Para aumentar o drama da prova, chovia naquele dia em Interlagos, fator que obviamente não favoreceria os carros mais potentes. Ainda assim, Ubaldo disparou na frente, seguido do Gávea e Luisinho. Jayme Silva largou como um foguete, e já ocupava a quarta posição na primeira volta, seguido de Anísio, Bird, Cyro, Scuracchio, Lameirão, Emerson, Carol, Waldemir, Moco, Ludovino e bem atrás, Papaleo. Na segunda volta, quem aparece em segundo é Bird Clemente, seguido de Wilson, Luisinho e Jayme. A corrida muito promete, pois na terceira volta já é Jayme quem desponta em primeiro, seguido de Lolli, Luisinho, Bird e Wilsinho. Cyro, com a sua Tempestade/Perereca, já vem colado neles, e Galucci bem atrás dos três Malzonis, com uma atuação até então apagada. Cyro já estava em quarto, na quarta volta, mas infelizmente, nem Bird, nem Cyro Caíres durariam muito na corrida. Bird abandona na sexta volta, e Cyro seis voltas depois. A fraca Ferrari de Papaleo também abandona na sétima volta.

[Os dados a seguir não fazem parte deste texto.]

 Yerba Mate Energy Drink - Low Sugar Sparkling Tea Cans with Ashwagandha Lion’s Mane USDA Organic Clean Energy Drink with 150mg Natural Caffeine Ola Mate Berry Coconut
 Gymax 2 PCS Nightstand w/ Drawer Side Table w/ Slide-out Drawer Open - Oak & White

Com quarenta minutos de corrida, o pole Ubaldo abandona a sua Maserati, enquanto ocupava a vice-liderança. Pouco a pouco, o caminho vai se abrindo para Jayme, pois agora só tinha como reais rivais Luis Pereira Bueno e Wilsinho. Entretanto, Gallucci e a sua pesada Maserati-Corvette, vão pouco a pouco se aproximando da ponta. Cabe lembrar que Gallucci fora o vencedor das duas últimas edições dos 500 km ganhas por um mecânica continental, em 1962 e 1963.

Após uma hora, Wilsinho Fittipaldi ultrapassa Jayme, e o pequeno monoposto “made in Brazil” lidera a papona Simca Abarth. Infelizmente, durou pouco o sonho, e logo Jayme Silva voltou ao primeiro lugar. Gallucci a esta altura já estava em terceiro, e certamente sonhando com a sua terceira vitória na prova, pois os três ponteiros giram com tempos muito parecidos, entre 1m17 a 1m19s.

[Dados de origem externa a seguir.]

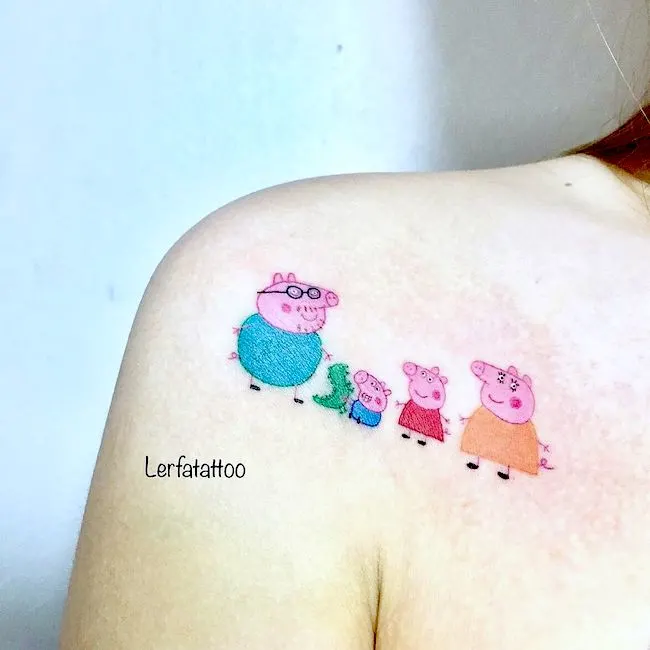 Peppa Pig family tattoo by @lerfatattoostudio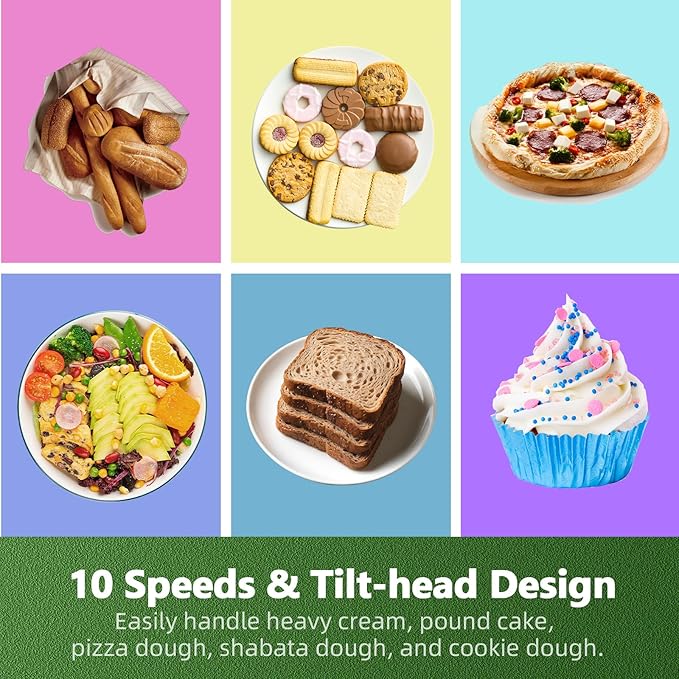 Stand Mixer, Compact & Space-Saving, Stainless Steel Bowl, Unique & Playful Design, Effcient Motor, Dishwasher-Safe Attachments, SM-2549A (Yellow)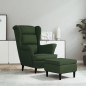Poltrona Schienale ad Ala con Poggiapiedi Verde Scuro Velluto Poltrona Schienale ad Ala con Poggiapiedi Verde Scuro Velluto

Já chegando ao final da prova, com duas horas e meia de corrida, os três primeiros se consolidam na ponta. Wilsinho para reabastecer seu monoposto, e gasta 1m e 45 segundos, deixando Gallucci assumir o segundo posto. A grandota Maserati tinha tanques imensos, e supostamente, não teria de ser mais abastecida. Jayme parou para abastecer, e gastou 45 segundos.

Apesar de não precisar de gasolina, Gallucci acabou precisando de óleo, e acabou parando. Apesar de não ser de uma equipe de fábrica, como seus rivais, o pessoal do boxe atuou rapidamente. Aí o drama. O carro morreu. Quatro homens empurram a velha máquina, que não dá sinal de vida. Wilsinho passa. Um batalhão empurra a Maserati-Corvette, que se recusa a funcionar. Outros pilotos vão passando: Luisinho, Emerson e o comandante Costa da Varig. Finalmente a Maser pegou, mas já era tarde. Gallucci acabou ficando com o sexto lugar, num emocionante, mas melancólico fim da atuação dos mecânica continental nos 500 km de Interlagos.